【前回の記事を読む】仕事の話を真剣に語る彼の横顔に見惚れる栞。「やっぱりこの人で間違いない」だが二人の会話はいまだによそよそしさがあり…

アザレアに喝采を

Ⅱ 恋の歓び

四人とも「Bravo(ブラボー)」は初めてだった。早くから予約しておいたためか、広い店内の一番奥にあるゆったりとしたテーブル席に案内された。

栞は美香の彼にはもう何度か会っていたから、今日のこのメンバーだと全員をよく知る自分が場を取り仕切る役割だろうと考えていた。さて、料理のオーダーはどうすればいいのだろうかと思っていると、

「この店は、アラカルトメニューだけのようですね。評判の石窯焼きのピザを二種類とサラダをまずオーダーしましょうか。やっぱり本場の生ハムを使ったものが旨いでしょうね、真鯛のアクアパッツアなんかも良さそうだ」

谷口が皆の好みを上手に聞きだして、ソツなく注文を終えた。

「店に入っただけでニンニクとオリーブオイルのいい香りがしますね。だから、きっと何を頼んでもちゃんとしたものが出てくると思うよ」

美香の彼も食通のような口ぶりだ。乾杯をしてビールを一口飲むと谷口がさっそく口を開く。

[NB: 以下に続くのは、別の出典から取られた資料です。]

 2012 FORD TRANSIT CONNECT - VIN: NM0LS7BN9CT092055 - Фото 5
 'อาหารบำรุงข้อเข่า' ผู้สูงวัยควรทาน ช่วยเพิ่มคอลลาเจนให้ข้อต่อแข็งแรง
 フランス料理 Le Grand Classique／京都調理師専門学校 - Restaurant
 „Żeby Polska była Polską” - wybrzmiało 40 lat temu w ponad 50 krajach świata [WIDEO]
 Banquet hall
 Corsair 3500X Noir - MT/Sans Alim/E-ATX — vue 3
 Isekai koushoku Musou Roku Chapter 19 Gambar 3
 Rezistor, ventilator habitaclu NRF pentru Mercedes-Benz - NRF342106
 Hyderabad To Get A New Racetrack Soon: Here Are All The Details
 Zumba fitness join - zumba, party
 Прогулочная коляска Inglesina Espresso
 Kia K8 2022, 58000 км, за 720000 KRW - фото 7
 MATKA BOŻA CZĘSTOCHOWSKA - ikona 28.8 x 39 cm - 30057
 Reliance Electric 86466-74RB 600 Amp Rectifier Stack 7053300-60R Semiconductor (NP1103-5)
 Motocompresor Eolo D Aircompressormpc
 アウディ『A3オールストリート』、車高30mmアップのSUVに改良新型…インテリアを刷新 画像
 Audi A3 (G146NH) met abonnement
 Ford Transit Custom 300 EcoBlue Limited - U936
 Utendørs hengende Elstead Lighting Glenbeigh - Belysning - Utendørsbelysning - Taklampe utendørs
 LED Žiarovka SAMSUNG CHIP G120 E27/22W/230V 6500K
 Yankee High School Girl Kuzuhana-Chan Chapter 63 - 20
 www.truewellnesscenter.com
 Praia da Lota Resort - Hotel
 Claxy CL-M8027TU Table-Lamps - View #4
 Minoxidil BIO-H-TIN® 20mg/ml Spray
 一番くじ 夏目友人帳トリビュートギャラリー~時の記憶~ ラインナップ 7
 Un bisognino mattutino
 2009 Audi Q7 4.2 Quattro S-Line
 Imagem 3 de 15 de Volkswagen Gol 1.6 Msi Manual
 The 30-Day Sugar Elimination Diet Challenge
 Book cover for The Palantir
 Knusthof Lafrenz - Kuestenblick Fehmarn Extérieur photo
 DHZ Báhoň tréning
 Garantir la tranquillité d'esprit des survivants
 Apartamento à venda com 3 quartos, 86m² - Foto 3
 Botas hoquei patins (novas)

「今夜は栞ちゃんだけじゃなくて、美香さんからもお叱りを受けることになるのかなぁって、これでもドキドキして来てるんですよ、本当に忙しい、もう、そればっかり言ってますからね。今日は仕事中もなんだか落ち着かなくって、一日中ソワソワしてました」

谷口はそんな冗談さえ言って、美香を笑わせた。

「え〜、嫌だわ。谷口さんったら。お叱りだなんて、私そんなに怖くありませんから! でもね〜谷口さんって本当に栞の理想のタイプどんぴしゃり!の人なんです。こういう人がタイプ、こういう人と結婚したい、って散々聞いていたそのまんまの人だったから私も驚いちゃったくらい。だからホント栞は良かったなぁ、って思ってるの。まぁ、確かに忙しくてなかなか会えないことは寂しいんでしょうけど、ね〜栞ちゃん!」

美香も谷口に気さくに話しかけて、和やかな雰囲気で食事が始まった。谷口は美香の彼とも、ほかのイタリア料理店の話やゴルフの話を始め、話題は自然に広がっていった。

竣工したばかりの高層分譲マンションに話が及ぶと、わずか一杯のビールのせいか、谷口はいつになく饒舌になった。